Oof. Why do I keep whining?

A woman named Karina Longworth wrote a review of two reissued Ellen Willis books at Slate. It was an okay review, sort of itself a bad attempt at writing like Ellen Willis. I hate when I read something mediocre about something I love, knowing that if I had tried to write it, I might have (probably would have) written it a bit better. BUT I didn’t; I don’t; and I won’t. So, good for Karina Longworth for actually writing and not whining like a jerk all the time.

I was living in Park Slope, nearly three years ago, when I was offered a full-time job with benefits writing film criticism in Los Angeles. I was 29, and this sort of job was the only thing I had even thought about wanting for years, so I jumped at it, without giving any real thought to the enormous ways in which the decision would change my life.

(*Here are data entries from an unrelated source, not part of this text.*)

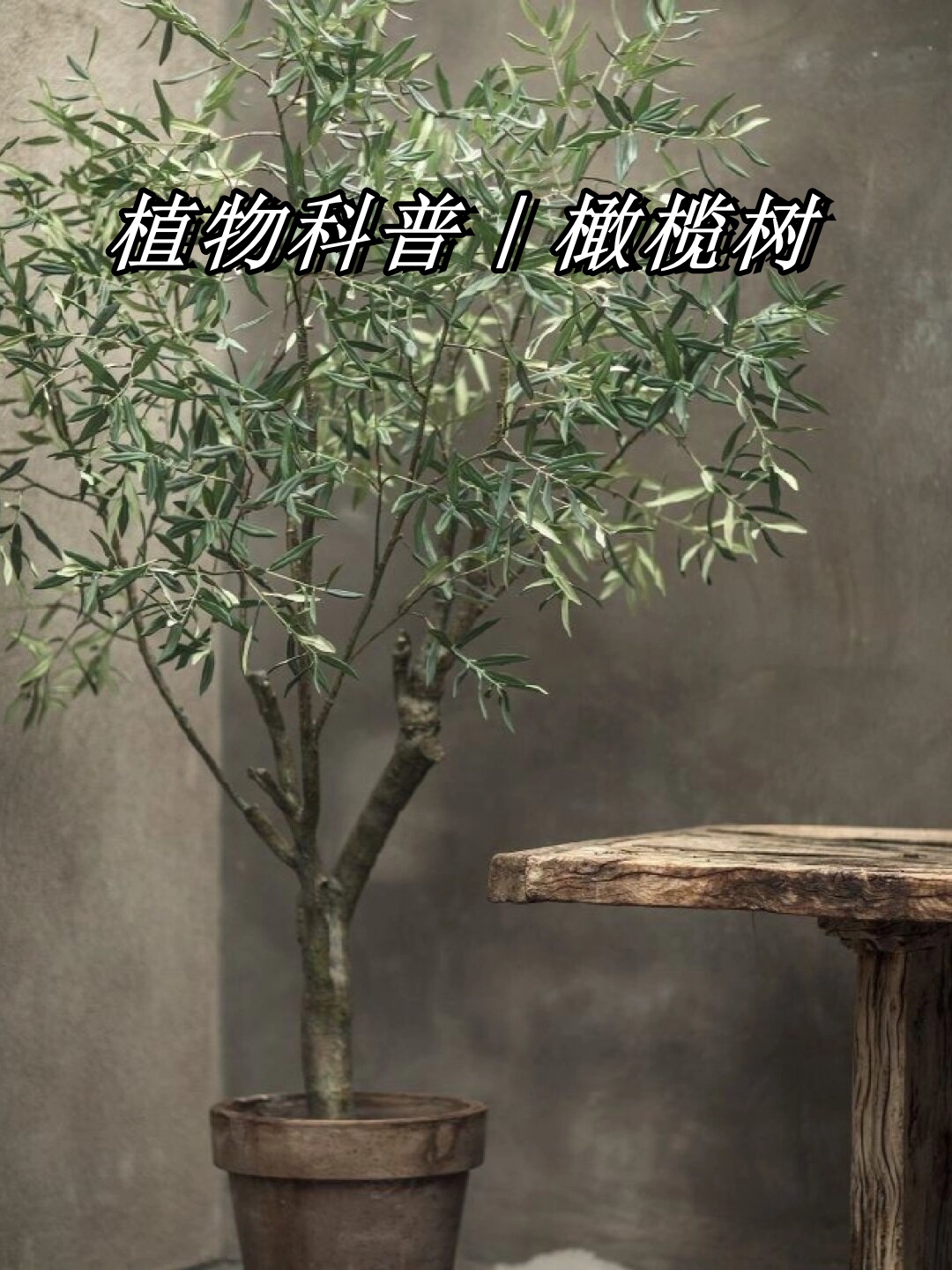 植物简介 这是一种四季常绿的植物,不仅拥有美丽的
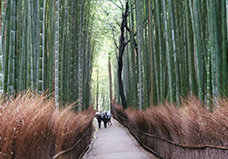 【6月】外国人奨学生エッセイ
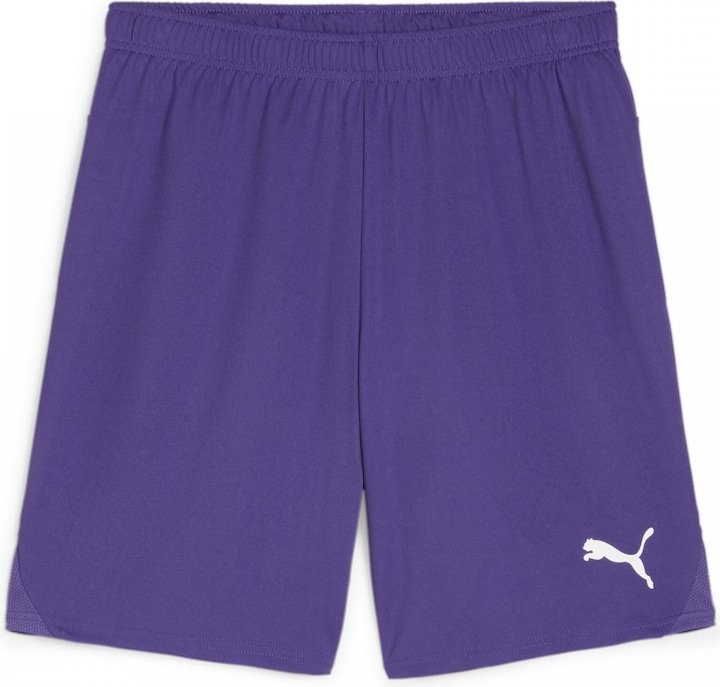 Actual product image Puma teamGOAL shorts (XXL)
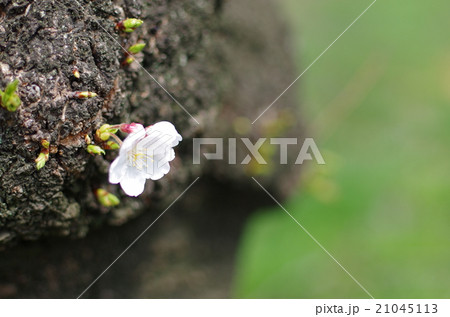 桜 21045113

Although, boo fucking hoo. You got offered an actual journalism job in the middle of a recession, in the scorched earth era of journalism.

This is how Ellen Willis does this kind of ennui better:

One day, sometime during CCR’s banner year, 1970, I was feeling depressed and confused about music, politics, writing and almost everything else that was important to me. In an effort to shake off the mood, I stacked all five of my Creedence albums on the stereo and danced to them, one after another.

And me? No writing happening here. No Creedence dancing either. How to get started again?